All of these factors enter into the elaborate calculations that drive insurance companies and the coverage they offer. There's not much you can do about the region your home is located in, but you can consult local insurance brokers to find out how certain roof types and materials might affect insurance prices in the region. For example, in an intense wind area, a gable roof may be more favorable than a flat roof to a potential insurer.

A Roof in Poor Condition May Cause Higher Premiums

A roof's condition is vital in determining the cost of homeowners insurance. Over time, roofs will inevitably wear out and need occasional replacement.

Look for any signs of damaged, missing or misshapen roofing materials, such as curling asphalt shingles, broken slates or mold and moss on the roof. You should also look out for damage to the other parts of your roof system, such as cracks in your chimney flashing (the metal plates where the chimney joins the roof ridge) or gutters that are hanging off the roof.

Other warning signs of a roof in disrepair include mold, peeling paint or dark and spongy spots in the interior of your attic or top floor.

If you inspect the roof yourself, observe basic safety rules like placing ladders on level ground and not walking on a wet or slippery roof. Be sure to call an experienced contractor for help if you have any concerns about safely inspecting your roof.

If your roof is in disrepair, it's best to anticipate that your homeowner's insurance application will come with some unwelcome conditions. An old or damaged roof typically results in the homeowner being charged a higher insurance premium.

What Happens With a Roof Inspection

Some roofing businesses will charge a minimal amount for a thorough roof inspection (or offer free service, anticipating future business). But it's also likely that if you apply for coverage, a homeowners insurance company will want to conduct the roofing inspection themselves. In this case, you can move the process forward by ensuring you have the following:

  • A copy of your existing homeowners insurance policy.
  • Any copies of prior home inspection reports.
  • Receipts for work done by roofing contractors.
  • Before-and-after photos of your roof showing the extent of the damage, if you're looking at a claim or sudden change.

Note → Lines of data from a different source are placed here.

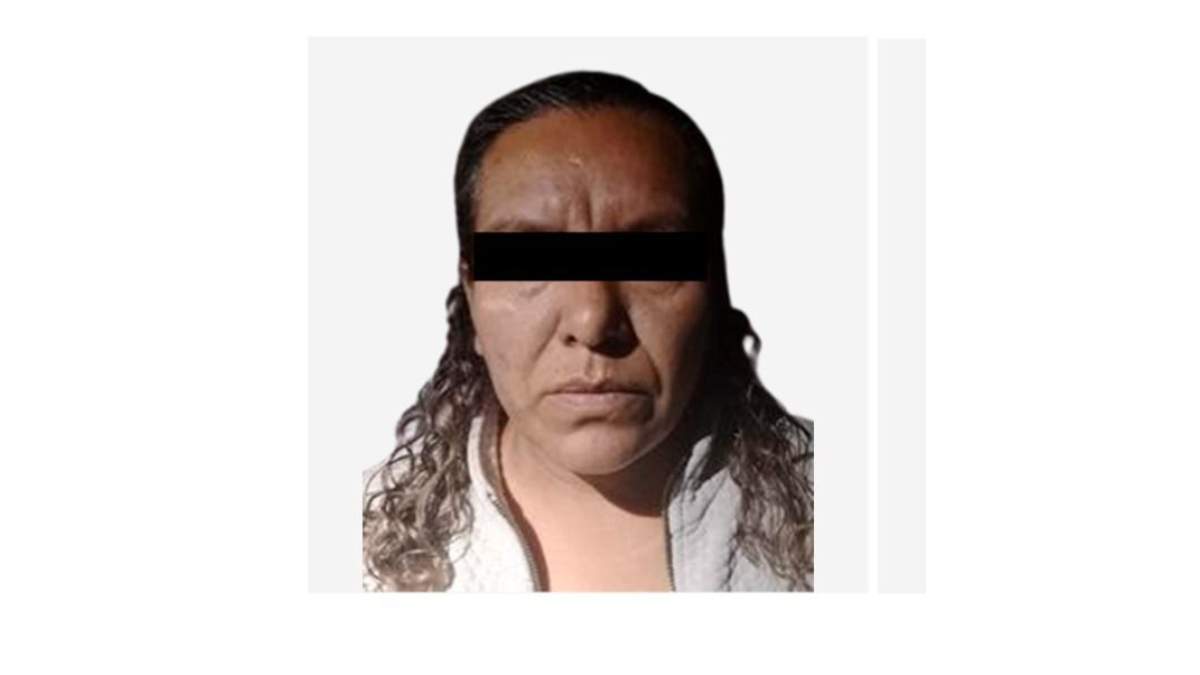 "Doña Jose", presunta lideresa del huachicol
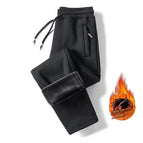 Size XL [57.50 kg-65.00 kg]] / Pocket zipper black straight-fleece-lined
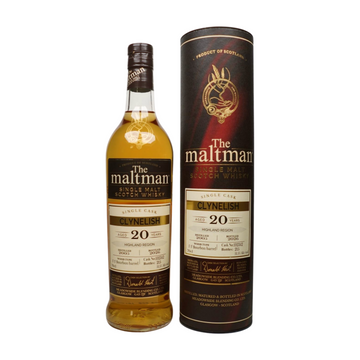 Clynelish 20 Jahre 2005/2026 - The Maltman #102342 (4cl Sample)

Prior to a roof inspection, it's a good idea to clear any debris off the roof. Clean the gutters, get rid of any standing water and trim back any tree branches near the roof. All of this will help speed up the process and bring you closer to getting the insurance coverage you want.

Need a New Roof? Explore Financing Options First

Homeowners should expect that repairs will be necessary if their roof is more than 20 years old. Sprucing up an old roof may improve the odds of securing homeowners insurance without paying an arm and a leg in premiums. Repairing or replacing your roof can be a valuable upfront investment, but it doesn't need to cause financial hardship if you plan ahead.

Instead of learning how to get homeowners insurance with a bad roof, you can learn how to budget for a better roof. If you have equity built up in your home over time, one option is taking out a home equity loan. Working with a bank or other financial institution, you can arrange for a loan to pay for a roof inspection and/or repair services by using your home's equity as collateral for the loan.

Another option is to look for local contractors that offer homeowner financing options. Choosing a contractor who will help you plan to pay for your roofing work overtime (without sticking you with hidden fees) will let you make important repairs without breaking the bank.